Aunque teóricamente existan muros infranqueables entre la actividad comercial y la editorial, la crisis económica que enfrentan los medios hace cada vez más complicado que puedan resistir las presiones de los anunciantes.

Todos estos riesgos, por lo demás nada novedosos, propios de la relación entre la actividad editorial y comercial, se han ido sofisticando en los últimos años haciendo más compleja su identificación y control.

La primera acometida a la transparencia e integridad editorial ha venido de la mano de los branded content. La publicidad convencional de los anuncios o banner ha dado paso a esta nueva modalidad de contenidos editoriales pagados por el anunciante. No hay nada que objetar a esta fórmula, siempre que al lector se le informe si se trata de un contenido editorial elaborado de manera independiente por el medio o si, por el contrario, el contenido se ha redactado siguiendo unas directrices, más o menos explícitas, emitidas por el anunciante.

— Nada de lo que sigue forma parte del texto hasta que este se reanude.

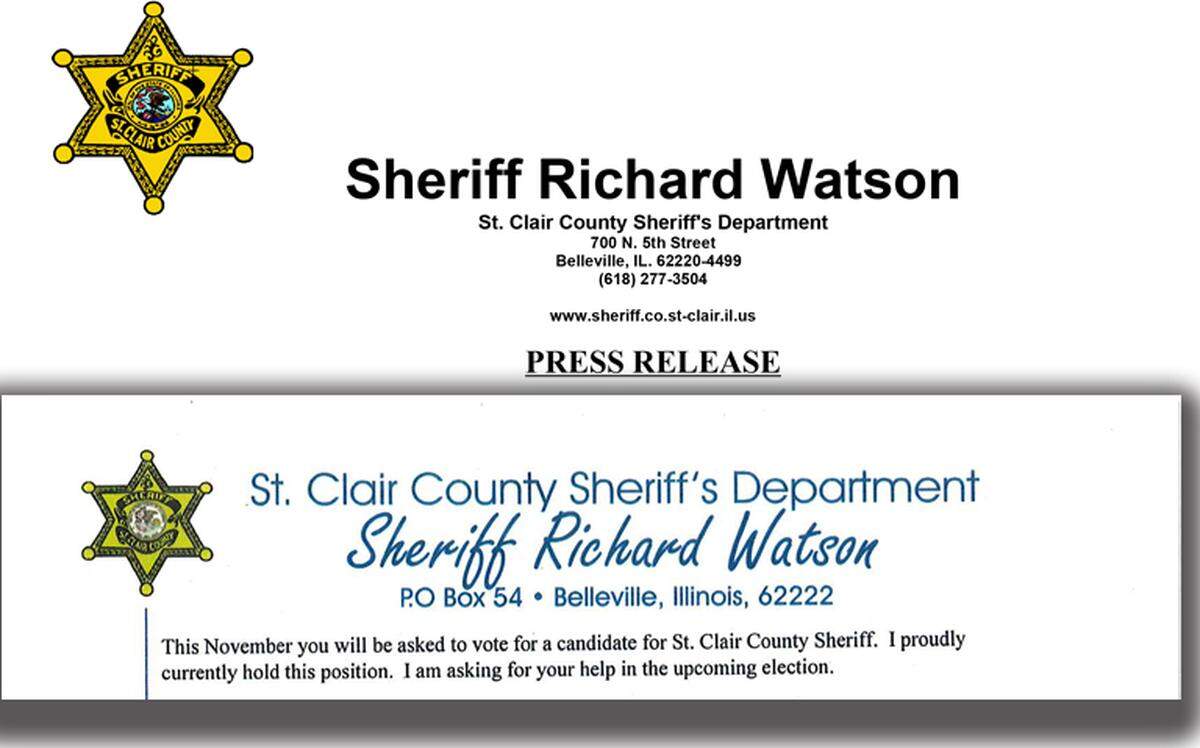 Letterhead used in St. Clair County Sheriff’s Department official correspondence (above), and the letterhead used in Sheriff Rick Watson’s mailer seeking campaign contributions.
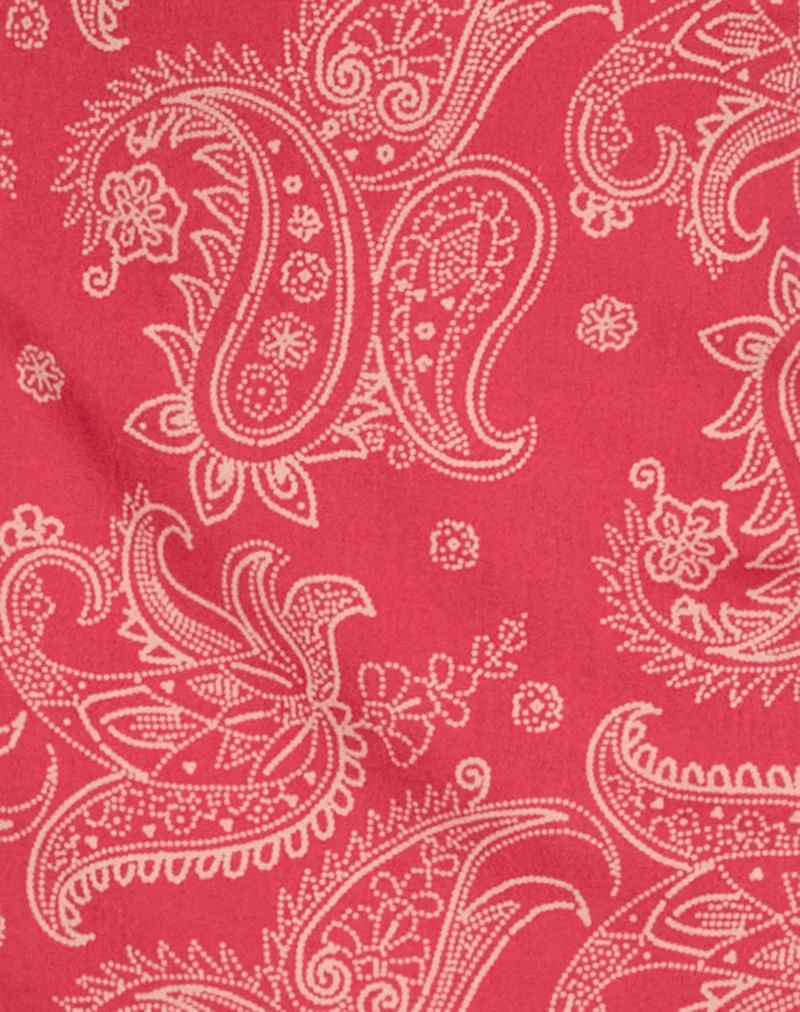 Kenja Bardot Mini Dress in Retro Paisley Pink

En la práctica no existe un etiquetado estandarizado y transparente que indique con claridad al lector las condiciones en las que se ha elaborado ese contenido pagado por el anunciante. Cada medio de comunicación utiliza su propio etiquetado sin explicar con claridad qué significado tiene.

Y, lo que es más grave, se ha terminado aceptando que sean las propias empresas anunciantes las que determinen a los medios de comunicación el etiquetado y condiciones de los branded content sin informar al lector si se trata de un contenido editorial independiente (en el que la empresa ha seleccionado el tema, pero dejando libertad al medio en la elaboración del contenido sin reservarse la facultad de corregirlo o autorizarlo) o de un contenido elaborado o corregido por el anunciante. La diferencia es importante, pues mientras el primer caso sigue siendo un contenido editorial, el segundo es un formato de publicidad.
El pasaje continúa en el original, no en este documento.